In practice, various challenging characteristics of geo-distributed cloud systems, e.g., massive scale and heterogeneity of systems, randomness of workload arrival parameters and resource availability, and timeliness of scheduling decisions, make it very difficult to design accurate models, which necessitates the use of a high-speed scheduling algorithm. It is difficult for a single Heuristic or Metaheuristic algorithm to adequately adapt to the real-world dynamics of geo-distributed cloud computing systems. In such scenarios, the profound use of RL algorithms in reviewed articles shows that it can be a very promising for cloud computing management. In the area of ML based optimization, RL is in fact the most prevalent method explored.

Having discussed the current state-of-the-art in geo distributed cloud management, we now discuss several research challenges and opportunities in this section that address the open issues highlighted in current literature and hence represent viable future research directions in the area of ML for geo-distributed cloud data center management.

Advanced ML algorithms: Current studies use traditional ML algorithms such as regression, k-means clustering, Qlearning, etc. More advanced NN and Deep Learning (DL) techniques that have been shown to successfully and more accurately solve large scale problems in other application domains, could be adapted for the geo-distributed cloud management domain. For example, LSTMs can predict future values based on previous sequential data. They can be used where lightweight and fast time series forecasting models are needed. If a little more computational overhead is acceptable, Transformer ML models can be used instead of LSTMs. They can process much larger amounts of data in the same amount of time because of the parallelizability of the transformer mechanism. DL is especially useful when dealing with problems that have a high-dimensional state space. In DRL, because of DL's ability to learn different levels of abstraction from data, RL can perform increasingly sophisticated tasks with less prior information. Emerging Soft Actor-Critic (SAC) RL techniques can optimize a stochastic policy in an off-policy manner, bridging the gap between stochastic policy optimization and DDPG-style techniques. It employs entropy regularization, in which the policy is trained to maximize the trade-off between expected return and entropy (randomness in the policy). Due to entropy factor regularization, SAC can be highly efficient for energy-based optimization approaches.

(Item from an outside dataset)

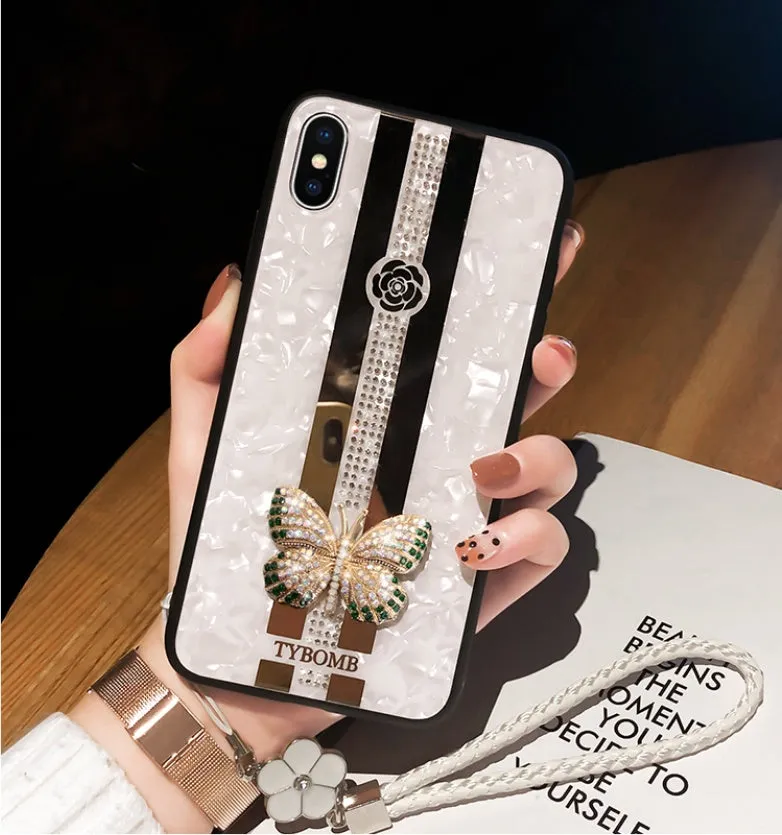 Luxury acrylic iPhone case with butterfly and diamond crystal design and a mirrored back in purple colour.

Efficient ML training and deployment: One component of the design of parallel ML algorithms is to leverage several threads/processes to speed up the ML model's learning speed. In some cases, NNs require a large amount of training data, a significant amount of processing time, and even specific hardware to run parallel ML algorithms, such as servers with GPUs. Instead of using such computationally heavy ML algorithms (e.g., NN, Deep Learning, RL, etc.), researchers need to propose fast and lightweight ML solutions that can be deployed on commodity hardware. Model compression techniques (pruning, quantization, Low-rank factorization, Knowledge distillation, etc.) are particularly promising to reduce model inference overheads., particularly if the ML models are executed frequently. Model compression is a strategy for deploying cutting-edge ML models with lower memory usage and reduced latency, without sacrificing accuracy. Many cloud management studies have developed efficient ML-based profiling, prediction, or optimization algorithms. But most of these ML techniques are not designed to work online (for inference) and make real-time decisions after processing large volumes of real-time data. These existing techniques could be converted to online ones (e.g., RL or DRL based algorithms) to work with profiling and prediction methods, with model compression to improve efficiency. Another element to investigate is using ensemble learning and RL together for quick deployment.

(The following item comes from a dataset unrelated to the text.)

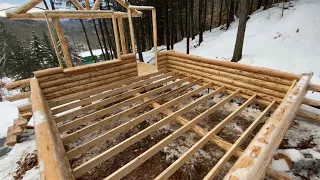 Floor joist install- Butt and Pass Log Cabin Build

Benchmarks/Workloads: Most proposed ML models have not been trained and evaluated using big, high-quality datasets obtained by strong industrial cloud operators in production scenarios. The majority of prior work uses synthetic, small datasets, or datasets that are not reflective of real-world geo-distributed events. Because there is a scarcity of current and relevant data (for workloads, resource usage, and trends) from geo-distributed cloud environments, it is difficult to accurately assess the quality of published results and, more importantly, to compare the results of competing studies. A large scale, realistic, publicly available geo-distributed cloud data center dataset from a major cloud vendor would serve as a standard, allowing researchers to analyze and compare alternative ideas and approaches on a much larger scale.

A logical step would be to explore the design and construction of a distributed version of the proposed ML algorithms and build the complete management system using cutting-edge big data technologies, e.g., Apache Spark, that can be deployed in geodistributed cloud data centers.

Industry Involvement for Validation: It would be ideal to have more industrial participants involved in the studies, not only by supplying appropriate requirements, but also by contributing to the evaluation of the results, and especially the deployment of small-scale pilots in production settings. Although small testbeds that are used in some studies allow for the testing of many ideas and configurations, it is impossible to draw definitive or full findings without a thorough examination in a production setting.

Heterogeneous Resources/Hardware: Most studies consider traditional hardware resources e.g., server nodes, CPUs, etc. The proposed approaches in these studies could be extended to consider more complicated user requests with multiple types of resources other than CPUs, e.g., disaggregated memories, GPUs, accelerators, network switches, emerging cooling systems, and considering heterogeneity between them.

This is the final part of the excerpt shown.